RANGER AGAINST WAR: Those Were the Days <

Saturday, March 31, 2007

Those Were the Days

Those were the days, my friend
We thought they'd never end

We'd live the life we'd choose
We'd fight and never lose
Those were the days, oh yes, those were the days

--Those Were the Days, Mary Hopkins
"A key piece of evidence in the case against alleged terrorism operative Jose Padilla was brought to the CIA in Afghanistan by a man who said he found the document in an al Qaeda safe house" ("Key Padilla Evidence Got to CIA in Afghan Pickup")

According to the CIA description, this document was acquired in a December 2001 meeting.

Ranger senses that this is March 2007, so the government has been sitting on what, if proven authentic, is a key piece of legal evidence that will put the nails in Padilla's coffin.

How could any working legal system allow evidence to sit on a shelf for over five years? What is the shelf-life of unsworn, unverified evidence?

Bear in mind that CIA agents are not federal law enforcement; they are intelligence agents. As such, they are not trained in "chain of custody" regarding evidence, nor are they qualified to evaluate legal evidence. This is a Department of Justice function attended to by government attorneys. Intelligence agents do not necessarily process legal intelligence.

Everybody seems to accept the original documents as legitimate al Qaeda resources, but one should remember that only a trial can determine the relevance and legitimacy of all evidence. It is not reliable evidence without a legal chain of custody.

For example, what were the motives of the person turning in this supposed evidence? Who was he, and from where did he originate? Where are the sworn statements that it indeed came from an al Qaeda safehouse? After 5+ years languishing in a dusty room, this is a questionable item. Further, intelligence agents live and tell lies, yet we expect them to tell the truth when they are in federal court, in disguise?

Somehow it seems overblown to call Padilla a terrorist operative. He may be a terrorist, but he is as pathetic as our government which had supposed definitive evidence, yet failed to bring Padilla to trial. Somehow throwing him in an undisclosed location without habeus corpus and with a good dose of torture is the new, improved version of American justice.

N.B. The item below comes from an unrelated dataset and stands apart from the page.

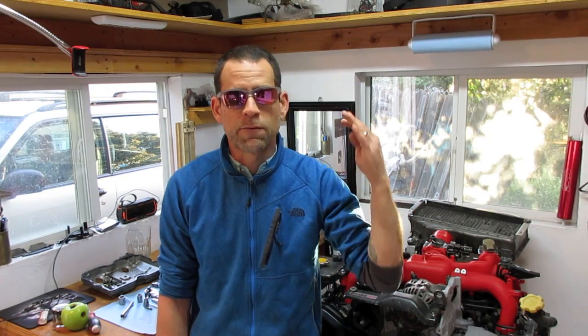We're going to be moving on to assembling this Forester engine, wrapping it up and dropping it in the Forester. Thanks a lot — I'm Luke with Subaru Only. If you liked the video please subscribe, I'd really appreciate it. I'm putting out at least one video a week, lately it's been two or three. If you have any questions please drop a comment and I'll see you next time. Thanks.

Everybody used to get a fair trial in America. Those were the days.


Blogger Lurch said...

I think we should examine that document supposedly found in an a-Q safe house.

Does Arabic script have kerns?

Saturday, March 31, 2007 at 8:33:00 PM GMT-5  
Blogger rangeragainstwar said...


We count ourselves blessed to have such incisive military readers...
Yes, the presence of kerns would seem to indicate some counterfeit aspects to the said document.

I have every faith that, if present, this will be noted by the evidence verifiers on staff.

Saturday, March 31, 2007 at 9:43:00 PM GMT-5  
Blogger rangeragainstwar said...


Jim here--I

wouldn't trust anything that a CIA agent tells me, even if his hand was on a bible, and the other holding a copy of the Constitution, with an album of Toby Keith tucked under one arm.